Gürer, “21 Temmuz 2024 tarihinde net asgari ücret 17 bin 2 TL idi ve bu ücretle bir çalışan 2 bin 536 TL olan gram altın fiyatı üzerinden 6,7 gram altın alabiliyordu. Ancak 21 Temmuz 2025 itibarıyla net asgari ücret 22 bin 104 TL’ye yükselmesine rağmen, aynı tarihte gram altın fiyatı 4 bin 409 TL’ye ulaştı. Bu durumda asgari ücretle ancak 5 gram altın alınabilir hale geldi” diye konuştu.
Gürer, verilere göre asgari ücretin altın karşısında yaklaşık yüzde 25 oranında bir alım gücü kaybı yaşadığını belirterek, “Bu da çalışanların maaşlarının, yüksek enflasyon ve kur artışları karşısında eridiğini ortaya koyuyor.” dedi.
En düşük emekli maaşının da alım gücü kaybı yaşadığını belirtenGürer, “21 Temmuz 2024 tarihinde 12 bin 500 TL olan en düşük emekli maaşı ile 4,9 gram altın alınabiliyordu. Ancak 21 Temmuz 2025 tarihinde bu maaş 16 bin 881 TL’ye yükselmesine rağmen, artan altın fiyatları nedeniyle alınabilen gram altın miktarı 3,8’e kadar geriledi. Bu da emekli maaşlarının altın karşısında yaklaşık yüzde 22'lik bir erime yaşadığını gösteriyor,” şeklinde konuştu
"ASGARİ ÜCRET ALIM GÜCÜNÜ KORUSAYDI EN AZ 29 BİN 500 LİRA OLACAKTI"
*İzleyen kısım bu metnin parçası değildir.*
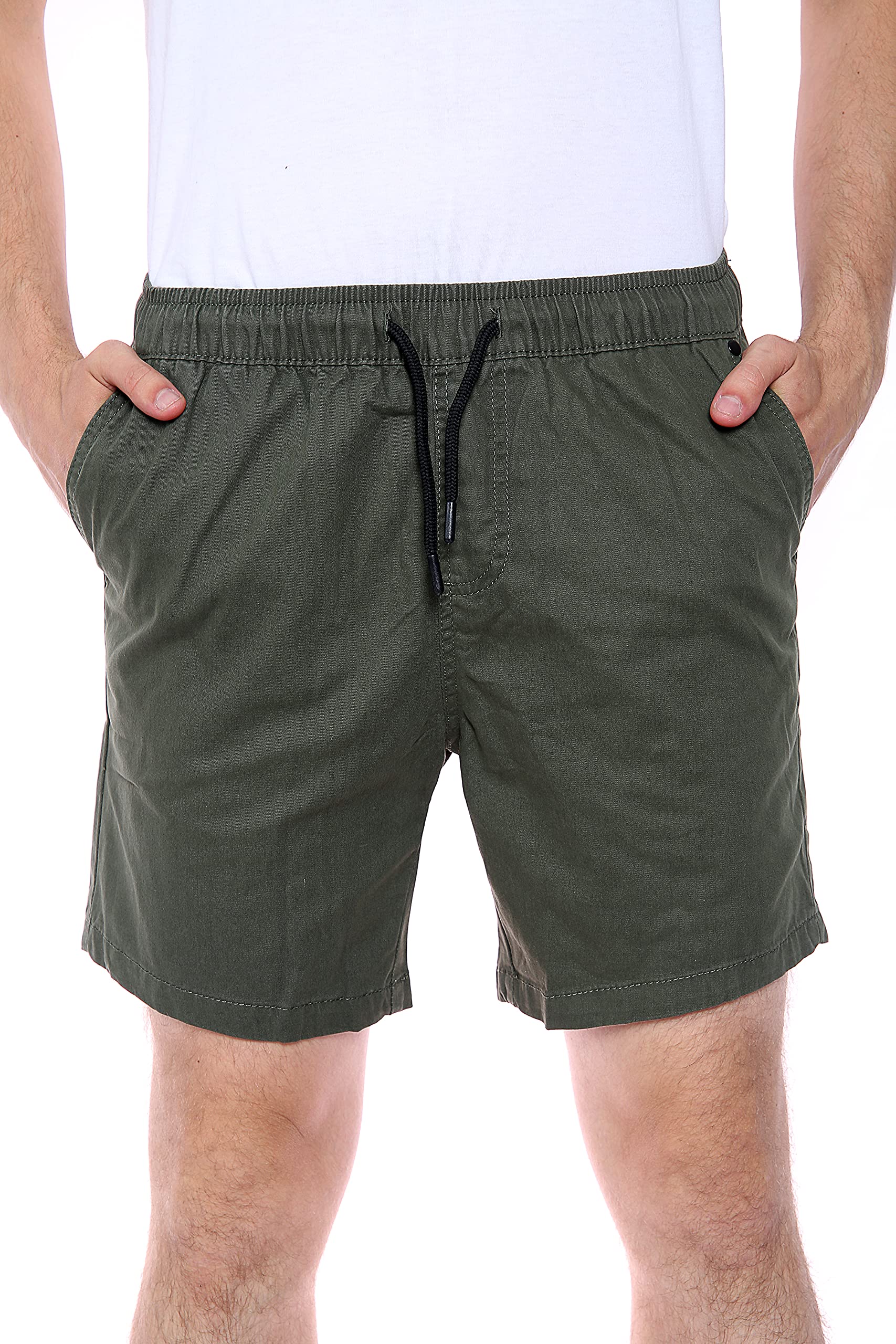 NOROZE Mens Shorts Elasticated Waist - Classic Fit Twill Cotton Men’s Casual Summer Chino Sports Short with Pockets & Drawstrings Waistband - Suitable for Work, Walk & Golf (Waist 30-40) Olive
Gürer’e göre, eğer asgari ücret 2024 yılındaki alım gücünü korusaydı, yani çalışan yine 6,7 gram altın alabilseydi, bugünkü gram altın fiyatı (4 bin 409 TL) üzerinden asgari ücretin en az 29 bin 540 TL olması gerekirdi. Mevcut asgari ücretle kıyaslandığında yaklaşık 7 bin 436 TL’lik bir eksik ödeme söz konusu.
Aynı hesaplamaya göre, en düşük emekli maaşı da 4,9 gram altın alabilecek seviyede tutulmak istenseydi, 2025 Temmuz itibarıyla 21 bin 598 TL olması gerekiyordu. Mevcut emekli maaşı ile kıyaslandığında bu da 4 bin 717 TL'lik bir kayba işaret ediyor." dedi.
"MAAŞ DEĞİL YOKSULLUK ARTIYOR"
Gürer, maaşların nominal olarak artırıldığını ancak vatandaşın cebine giren paranın gerçek anlamda değer kaybettiğini söyledi. Gürer, “Yüksek enflasyon ortamında yapılan maaş artışı enflasyonla cebe girmeden eriyor ve maaş artışı yapılmış gibi gösterilse de, asgari ücretli ve emekli için hayat daha da pahalı hale geliyor. Gerçekte maaş değil, yoksulluk artıyor” dedi.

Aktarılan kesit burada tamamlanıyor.